_Description of the task_: Where a picture appears, leave it out, and transcribe all the lines below exactly.

_Data section_:
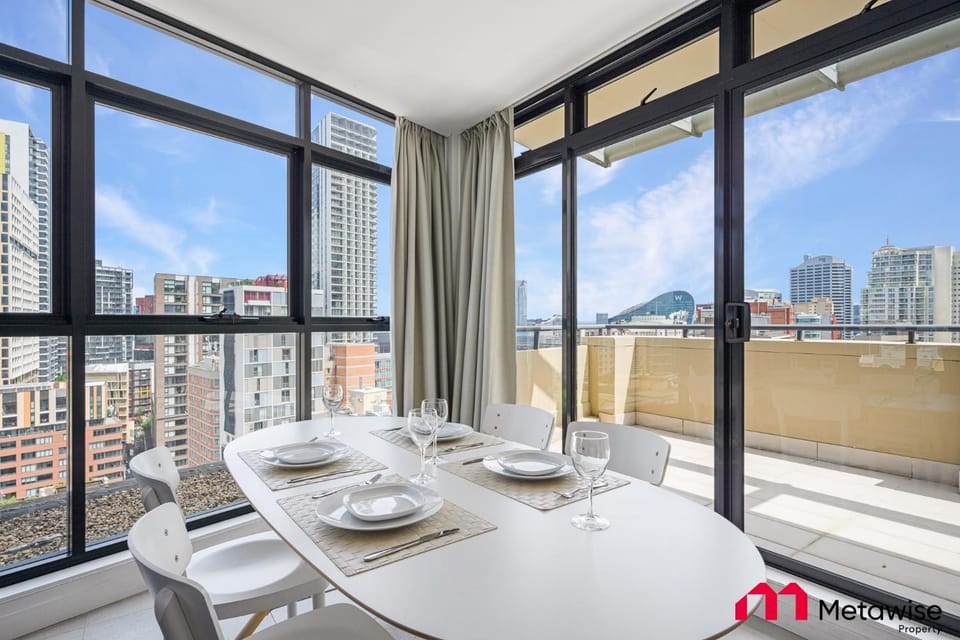 Day, View (from property/room), Dining area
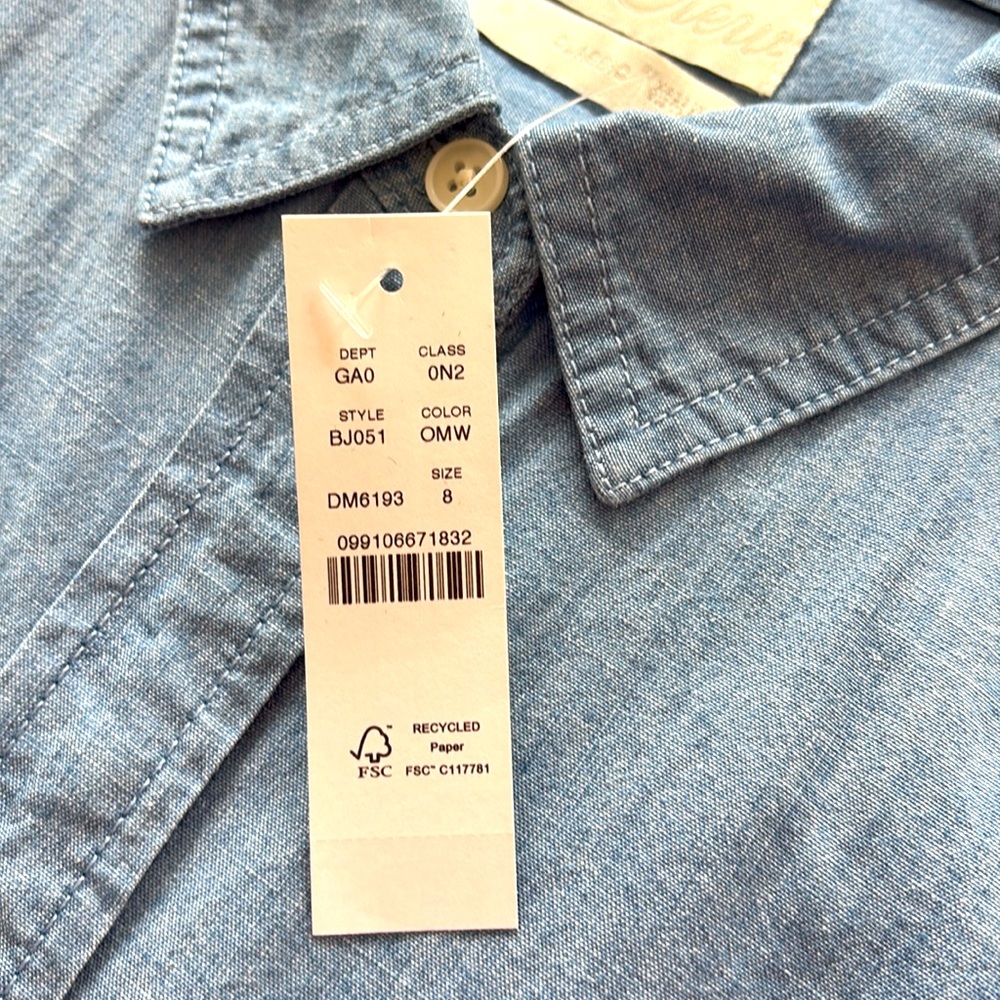 J.Crew Classic-Fit Chambray Ruffle-Sleeve Shirt- NWT- Medium Light Wash- Size 8 - Picture 7 of 7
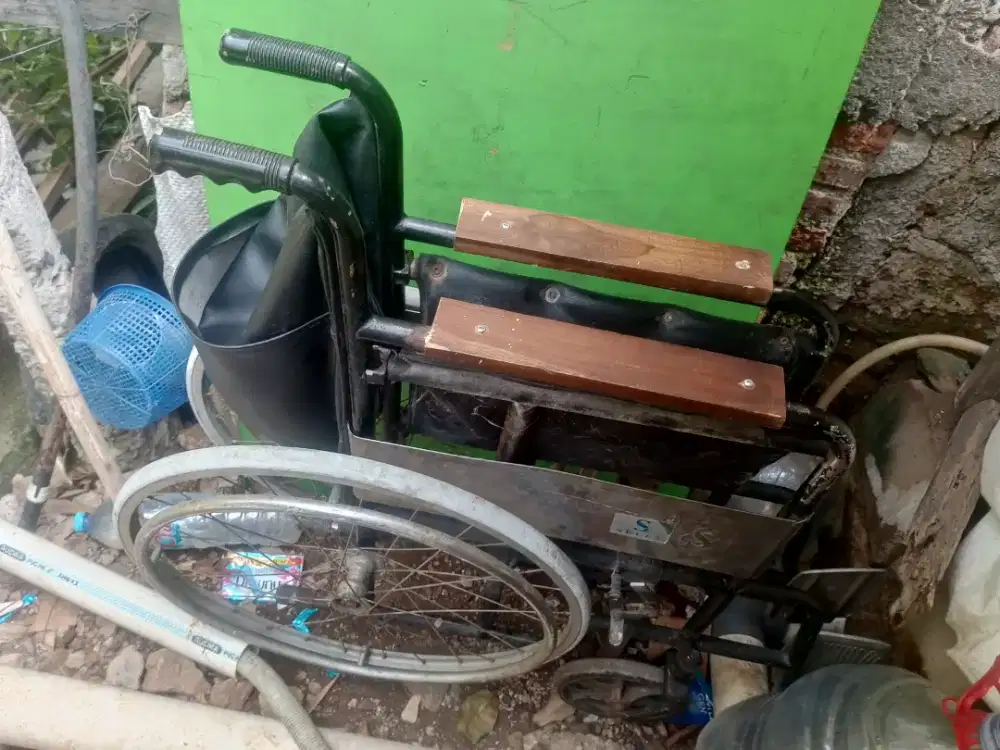 Kursi roda masih bagus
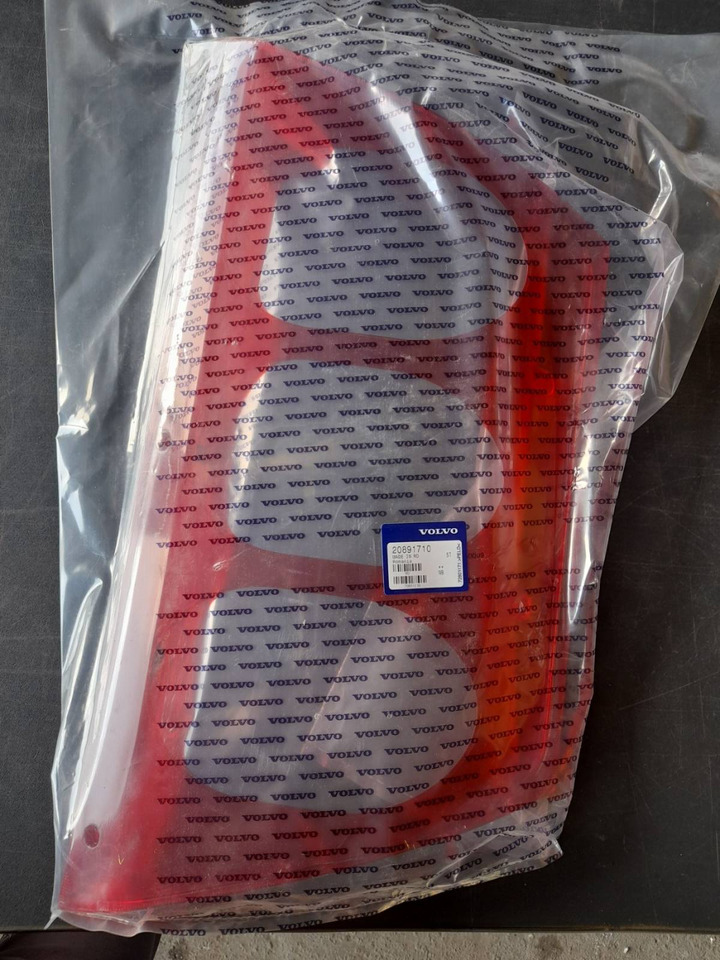 VOLVO LENS 20891710 - Lights/ Lighting for Truck: picture 3 VOLVO LENS 20891710 - Lights/ Lighting for Truck: picture 3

_Task output_:
 Day, View (from property/room), Dining area
 J.Crew Classic-Fit Chambray Ruffle-Sleeve Shirt- NWT- Medium Light Wash- Size 8 - Picture 7 of 7
 Kursi roda masih bagus
 VOLVO LENS 20891710 - Lights/ Lighting for Truck: picture 3 VOLVO LENS 20891710 - Lights/ Lighting for Truck: picture 3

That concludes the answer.